Arrangements for small jazz combos are usually informal, minimal, and uncredited. This was particularly so for combos in the bebop era. In general, the larger the ensemble, the greater the need for a formal arrangement, although the early Count Basie big band was famous for its head arrangements, so called because they were worked out by the players themselves, memorized immediately and never written down. Most arrangements for large ensembles, big bands, in the swing era, were written down, however, and credited to a specific arranger, as were later arrangements for the Count Basie big band by Sammy Nestico and Neal Hefti. Don Redman made significant innovations in the pattern of arrangement in Fletcher Henderson's orchestra in the 1920s. He introduced the pattern of arranging melodies in the body of arrangements and arranging section performances of the big band. Benny Carter became Fletcher's main arranger in the early 30's, moving on become as famous for his arranging expertise as his musicianship. Billy Strayhorn was an arranger of great renown in the Duke Ellington orchestra beginning in 1938.
Jelly Roll Morton is considered the earliest jazz arranger, writing down the parts when he was touring about 1912-1915 so that pick-up bands could play his compositions. Big band arrangements are informally called charts. In the swing era they were usually either arrangements of popular songs or they were entirely new compositions. Duke Ellington's and Billy Strayhorn's arrangements for the Duke Ellington big band were usually new compositions, and some of Eddie Sauter's arrangements for the Benny Goodman band and Artie Shaw's arrangements for his own band were new compositions as well.
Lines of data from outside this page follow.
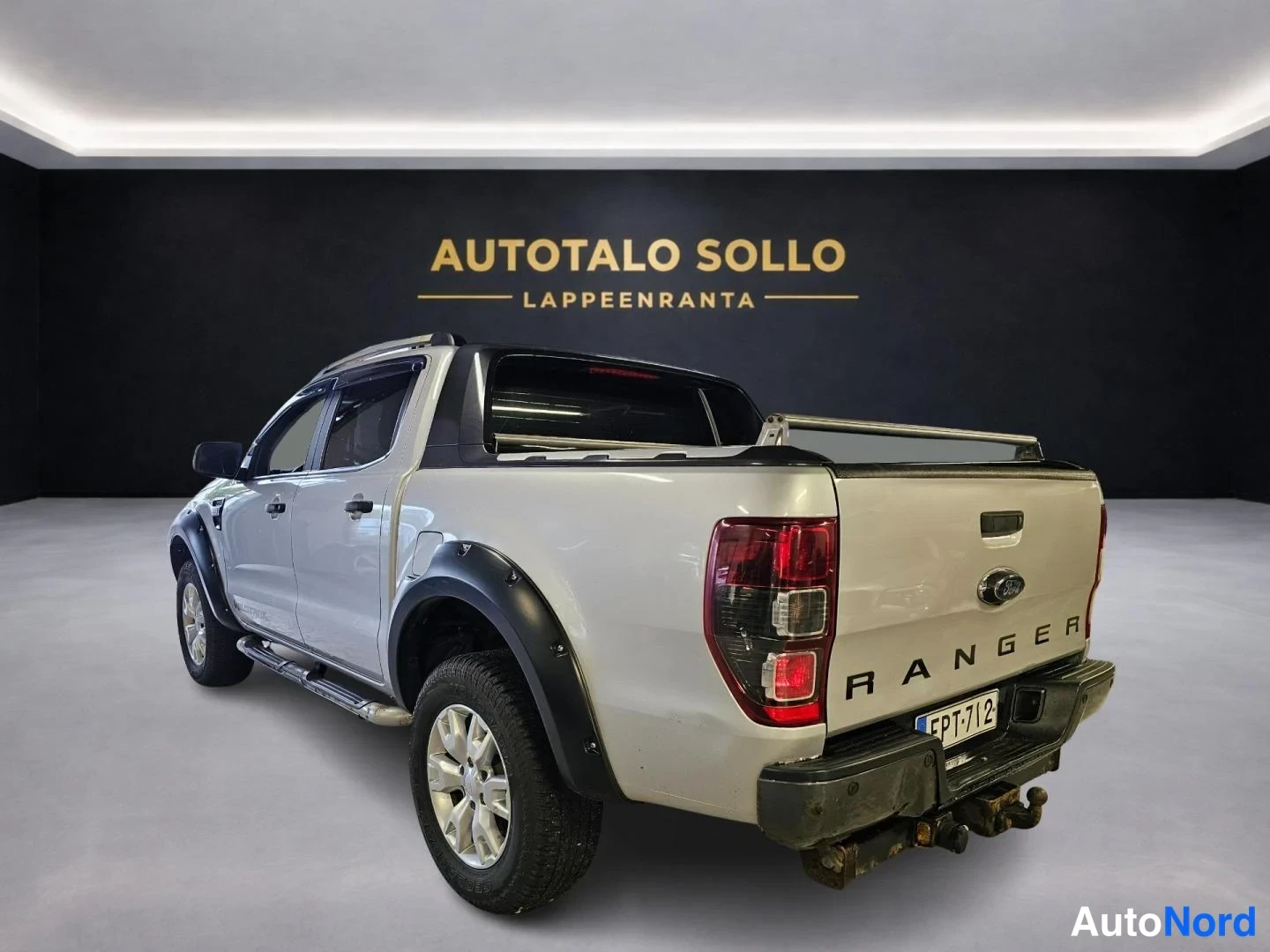 Harmaa Ford Ranger 2014, takaviisto, kuva 4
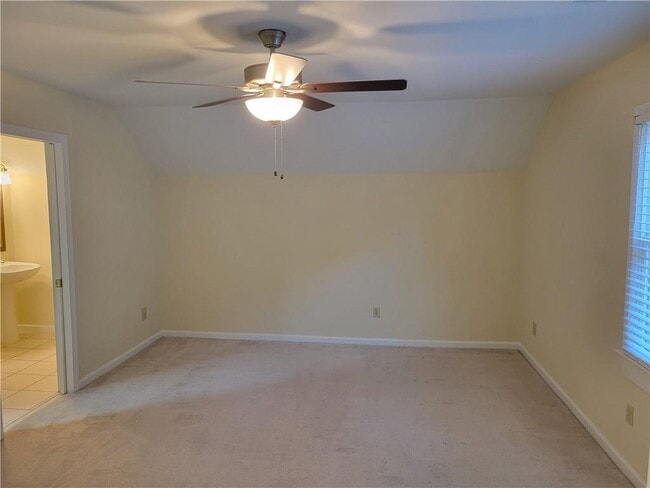 Building Photo - 1373 Camden Walk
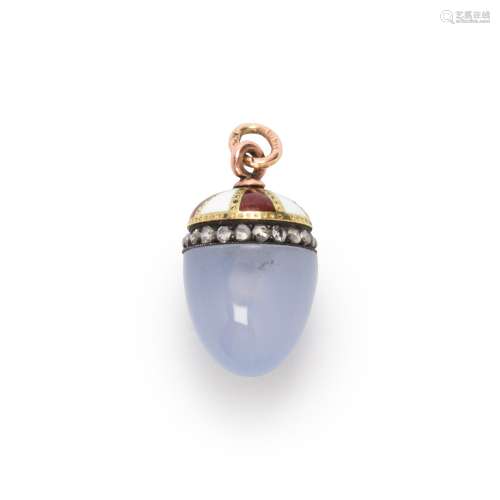 An Early 20th Century blue chalcedony egg charm, Fabergé
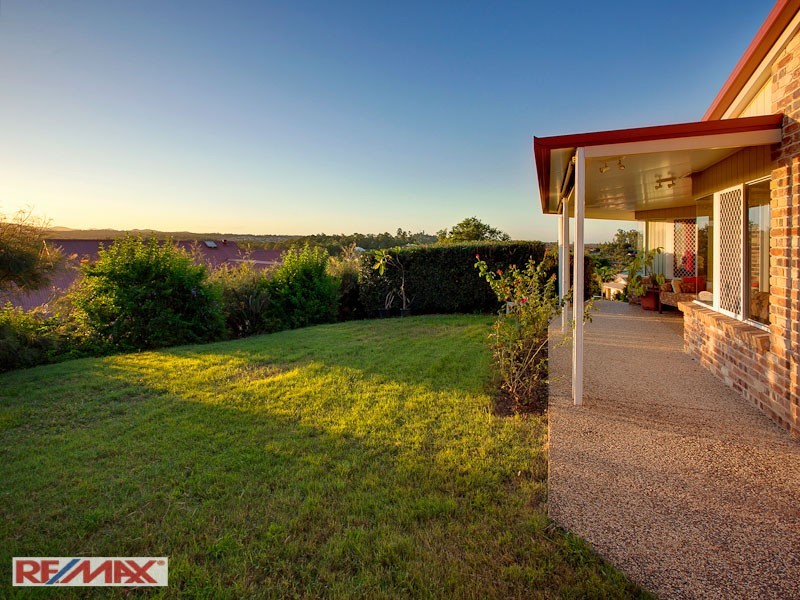 8 Manly Close, Albany Creek QLD 4035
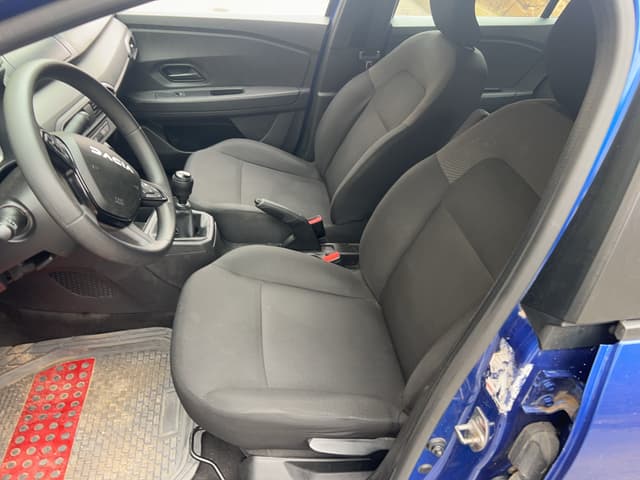 Dacia Logan FRONT_SEAT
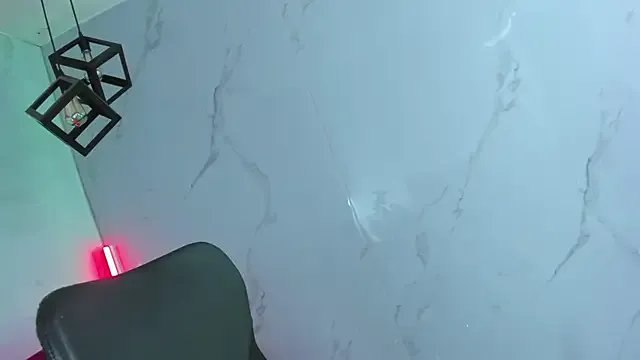 Freechat LilithCooperr_ on StripChat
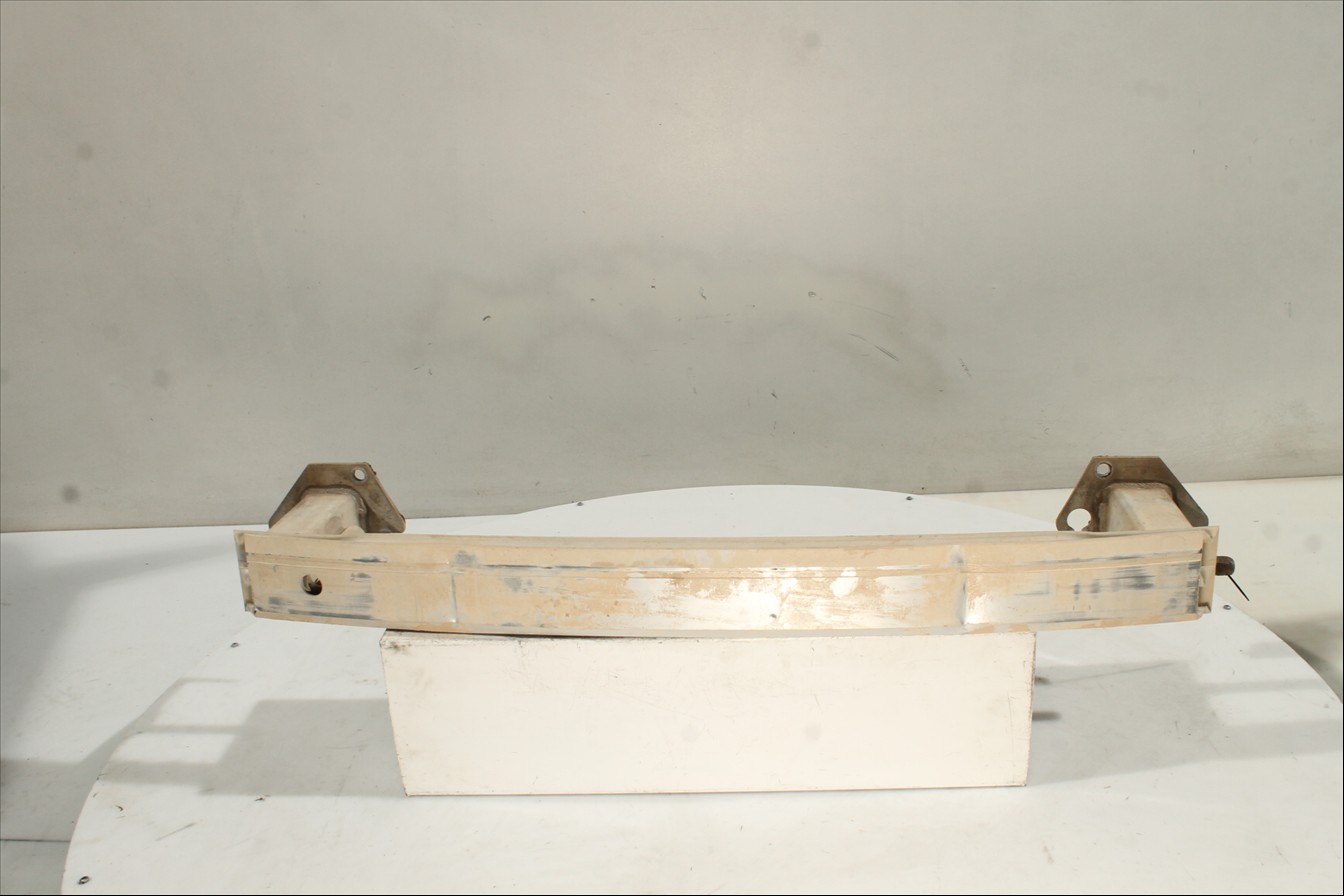 Traviesa paragolpes Tra.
It became more common to arrange sketchy jazz combo compositions for big band after the bop era.
After 1950, the big band trend declined in number. However, several bands continued and arrangers provided renowned arrangements. Gil Evans wrote a number of large-ensemble arrangements in the late fifties and early sixties intended for recording sessions only. Other arrangers of note include Vic Schoen, Pete Rugolo, Oliver Nelson, Johnny Richards, Billy May, Thad Jones, Maria Schneider, Bob Brookmeyer, Steve Sample, Sr, Lou Marini, Nelson Riddle, Ralph Burns, Billy Byers, Gordon Jenkins, Ray Conniff, Henry Mancini, Gordon Goodwin, and Ray Reach.